It's summer time!
For those graduating from a teacher prep program, now is a great time to reflect on the past four years. And for me, it's a great time to collect and share the wisdom and experience of these new grads with the next generation of teacher preparation students.
I've interviewed four members of the National Council on Teacher Quality's (NCTQ) Teacher Candidate Advisory Group (TCAG). TCAG was created to give future teachers the opportunity to interact with a selection of top teacher candidates from around the country, learn about ground-breaking research in the teacher preparation field, and advocate for improvements in teacher preparation.
I asked them about choosing a teacher preparation program, preparing for the first semester, engaging with professors, and excelling academically in college.
Choosing the right teacher preparation program can make all the difference in how your first teaching years go. You should, of course, start with our analyses here at Path to Teach.
However, one common refrain for all of the interviewees was the importance of balancing theory and practice, with classroom experiences coming early in their preparation prioritized by all. Carolyn Goodill, a recent graduate of the University of Dayton's School of Education, conveyed that potential teacher preparation students should "know [at what stage] students are given a field placement." Carolyn chose the University of Dayton because she knew she would be placed in the field during her freshman year.
Once students choose the right teacher preparation program, it's time to prepare for your the semester. Moving to a new city, meeting new friends, and getting to know new instructors is not always easy.
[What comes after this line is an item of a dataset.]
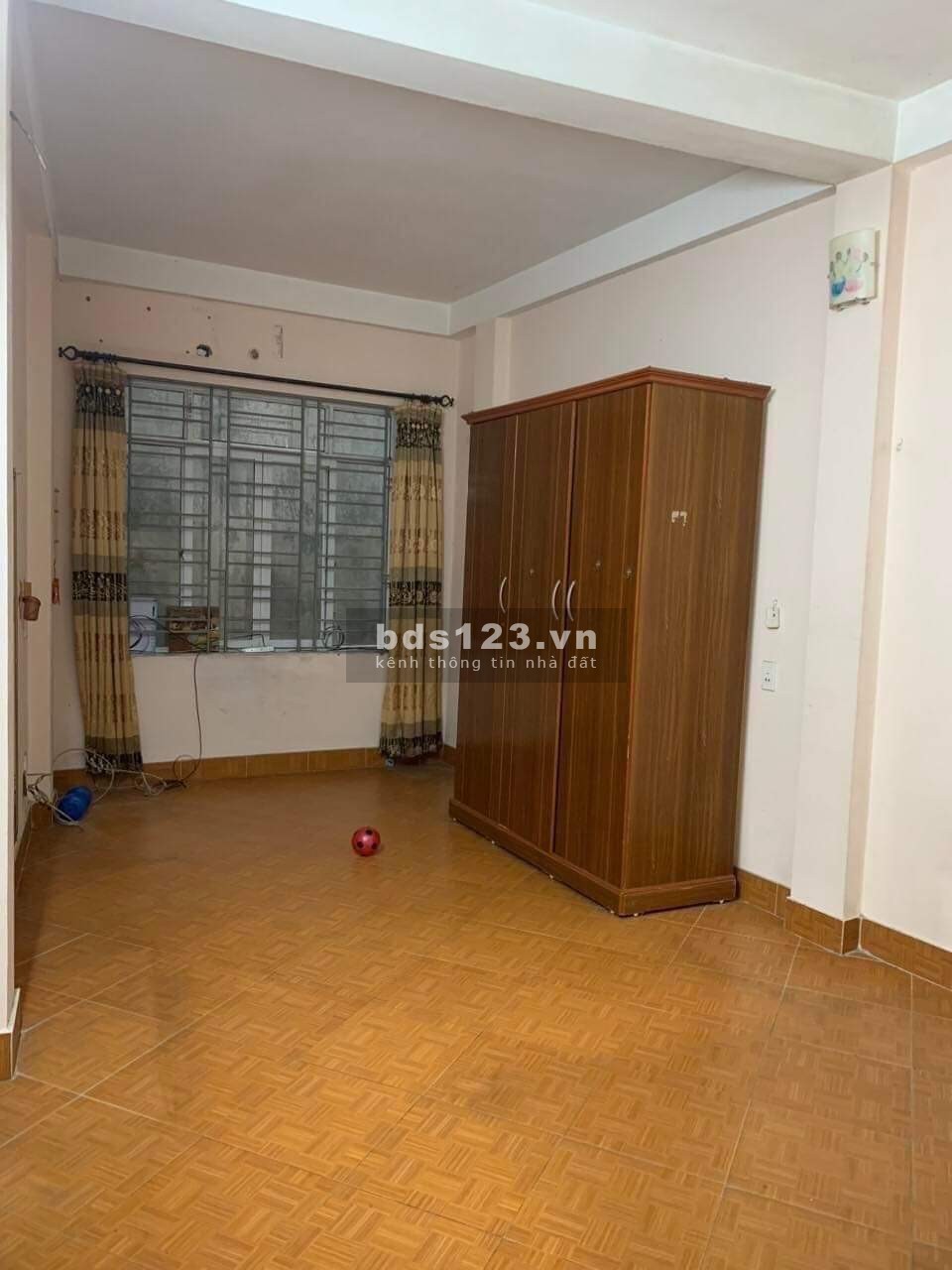 Cho thuê nhà nguyên căn, Trần Cung, Bắc Từ Liêm, 35m2 x 4T, Mt 4m, giá: 11,5 Tr/Th (Có TL)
Interviewees stressed the importance of confirming a course schedule and walking through their daily routine before the first day of school-you don't want to get lost! Rebecca Duitsman, a recent graduate of Dallas Baptist University's School of Education, had one regret about her first semester: buying books. Rebecca said she bought all the books on the syllabus but would never do that again, warning: "a lot of the books on the required list were old editions or the professor decided not to use them." So if you can, wait until it21's clear which books you actually need before making your purchases.
Once you get to class, you should be ready to engage with your instructors. The interviewees shared that getting to know a professor's background is important, so how about starting a conversation by asking your professor about his or her research interests? Haydn Lambert, a junior at the University of Illinois at Urbana's School of Education, suggests "showing up to office hours and introducing yourself." Haydn continued, "In education we have to understand that we have to put ourselves out there for our students, so recognize you are human and nervous but remember you are going to set yourself up for success."
The right professor can really inspire you to succeed but ultimately, success is up to you. Interviewees recommended that you work in groups, make certain you understand the course objectives, and engage with the instructor, especially for important assignments. They also noted that you should not procrastinate, and work on your ability to juggle several balls simultaneously! Lennon Audrain, a recent graduate of Rio Salado Community College's Elementary Education program transferring to Arizona State University, shared that he used a daily planner, reviewed all class notes and textbook readings, and completed a KWL chart (Know, Want to Know, Learned) during the review sessions.
Keep the lessons and recommendations from Carolyn, Rebecca, Haydn, and Lennon in mind over the coming months, as you plan for and start your teacher prep program. They'll help you be a successful college education student, and ultimately, an effective teacher!